Here is the Treasury website quote for 2023:

"Congress has always acted when called upon to raise the debt limit. Since 1960, Congress has acted 78 separate times to permanently raise, temporarily extend or revise the definition of the debt limit – 49 times under Republican presidents and 29 times under Democratic presidents. Congressional leaders in both parties have recognized that this is necessary." 

Here is a quote from a Treasury paper in 2011:

"Congress has always acted when called upon to raise the debt limit. Since 1960, Congress has acted 78 separate times to permanently raise, temporarily extend, or revise the definition of the debt limit-49 times under Republican presidents and 29 times under Democratic presidents. In the coming week, Congress must act to increase the debt limit. Congressional leaders in both parties have recognized that this is necessary." 

Clearly, there is a problem here. It is mathematically impossible that both statements are factual. Congress raised the ceiling in December and at least seven other times since 2013. Amazingly, the blurb above has been on several papers since 2011. (The Treasury only has documents from 2011 forward on its website). 

This blurb has been the official narrative since 2011. The only difference between the 2011 and 2023 statements is that one sentence was removed. It's absurd. Either the Treasury is making the same copy-and-paste mistake, or they think no one will read the previous statements. I did read several of the earlier statements. Read them for yourself here

The following is not a partisan statement, but it is a reality. For conversation's sake, let's pretend Congress has the intention of responsible balanced-budget spending in the future. There is still the $93 trillion elephant in the room. The $93T is unfunded liabilities, money the government promised to spend but has yet to transact. Unless Congress cuts spending, Congress will add $93T to the debt eventually. Let that sink in for a second. The debt ceiling must become more than four times its current level to pay our current obligations, and that is if all deficit spending stopped today. 

Unless Congress does something about the unfunded liabilities, the debt ceiling hoax will reappear every few years. Every time it goes down the same way. Reds and Blues posture for campaign commercials and create a drama perfectly made for T.V. and selling commercials. It has all the makings of a great story plot: objective and a time crucible. It's like West Side Story but without the singing and dancing. A few politicians will cut a last-minute, closed-door deal, and both sides will blame each other for the drama. However, like a T.V. plot, it is designed to evoke emotions but has no bearing on reality. No matter what they say, Congress intends to spend more on the deficit. We can stop pretending now.
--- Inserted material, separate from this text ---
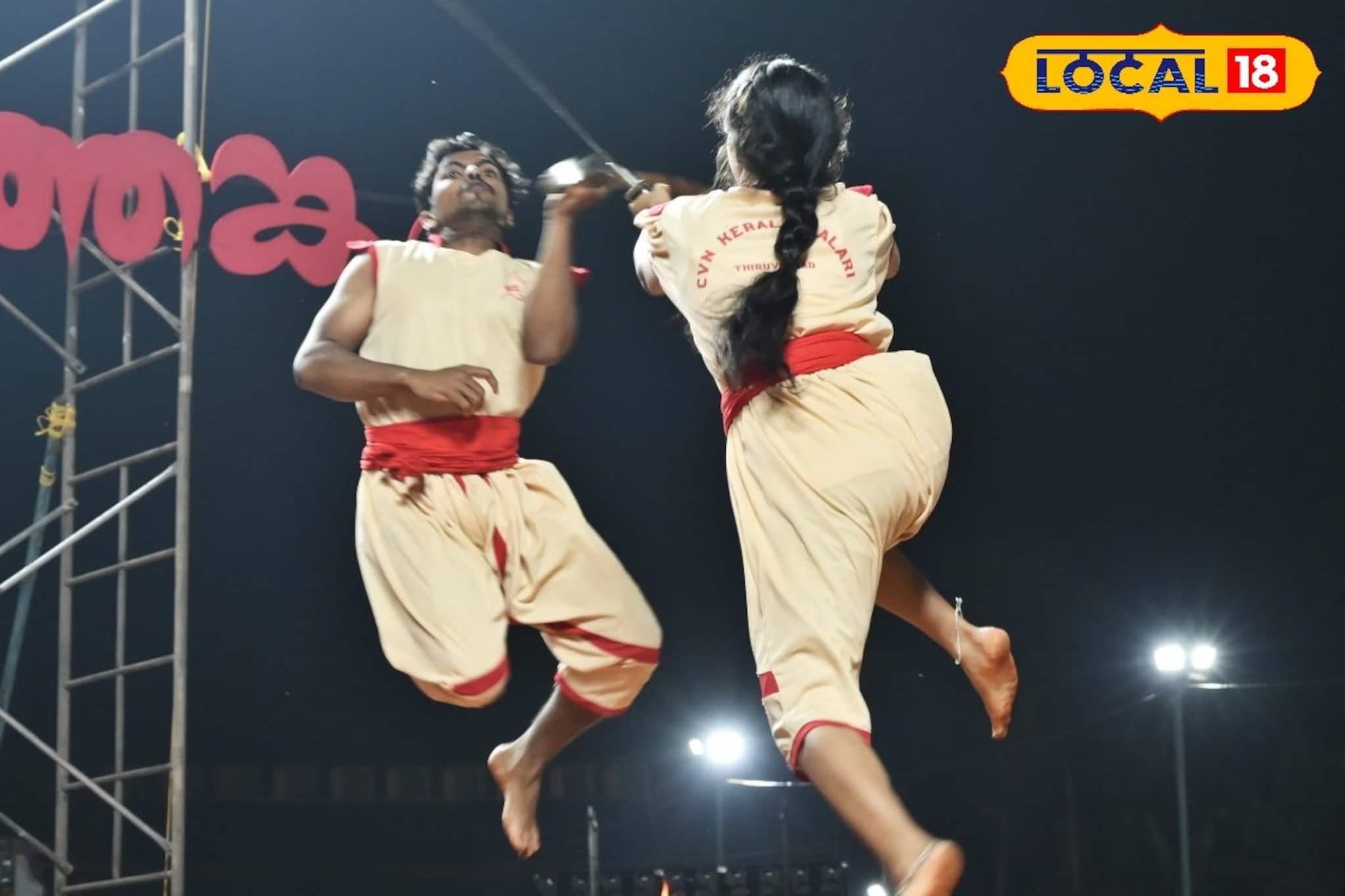 പൊന്ന്യം ഏഴരക്കണ്ടം വീണ്ടും അങ്കത്തട്ടായി; പൊന്ന്യത്തങ്കം 11-ാം എഡിഷന് ആവേശകരമായ തുടക്കം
Let's examine the two possible outcomes:

1. Congress Extends the Debt Ceiling

Congress will continue to spend money it doesn't have but plans to take from the labor force through taxes. More Dollars will be printed by the Federal Reserve and backed by U.S. Treasuries and mortgage-backed securities. However, high-interest rates will make government borrowing significantly more expensive. The Fed will want greater guarantees to offset future default risks meaning tax policies will become increasingly draconian. The bottom line will be high inflation, more taxes, and more nations moving away from the Dollar as the primary reserve currency.

2. Congress Defaults

The Dollar is backed by the "full faith and credit" of the United States government. Please notice that there is nothing tangible in that statement like the Dollar is backed by gold, silver, oil, or Pez dispensers. The Dollar's value is an abstract agreement of trust between peoples of the world and the United States government. If that trust is broken through default, the Dollar wouldn't even make good toilet paper during any subsequent shortage. 

Nations of the world would panic and behave like a bank run. Everyone would push to the front of the line demanding payment for their debts. Central banks would rapidly sell their U.S. Treasuries and exchange their Dollar reserves for gold, Euros, and Chinese Yuan to prevent future default risks.

The two choices are like being forced to choose between the slow knife of ever-increasing inflation and taxes or a few shotgun blasts of hyperinflation rock salt. Most sensible people would prefer neither, but our elected officials are knowingly or unknowingly trying to see if they can give us both. What interests are they protecting by creating so much debt and frivolous spending? Is it for "We the People" or "They the Power Brokers?"

The made-for-T.V. debt ceiling drama should remind you that politicians think your finances are a commodity they have the right to take. The national debt is so large that it doesn't fit on a standard calculator. Most people are paid for their time, so to put this debate into perspective, it makes sense to think about time. Suppose the only money the government ever spends is the debt we have already accumulated and the $93T in unfunded liabilities. The government must seize every U.S. business's revenues for 4.8 years to pay off current liabilities! Congress thinks everyone in the country will happily work for five years for free. Do you agree with them? 

The debt ceiling debate is a discussion about the Dollar's long-term value and how much of your labor the government should be able to control. Right now, it owns almost five years (and growing) of struggle to be paid by our kids and grandkids, and it wants more. It is the next logical step after creating massive debt for a government to remain in power. As Julius Caesar said, the way to control people is with bread and circuses. The bread is government assistance, and the circus is the debt debate.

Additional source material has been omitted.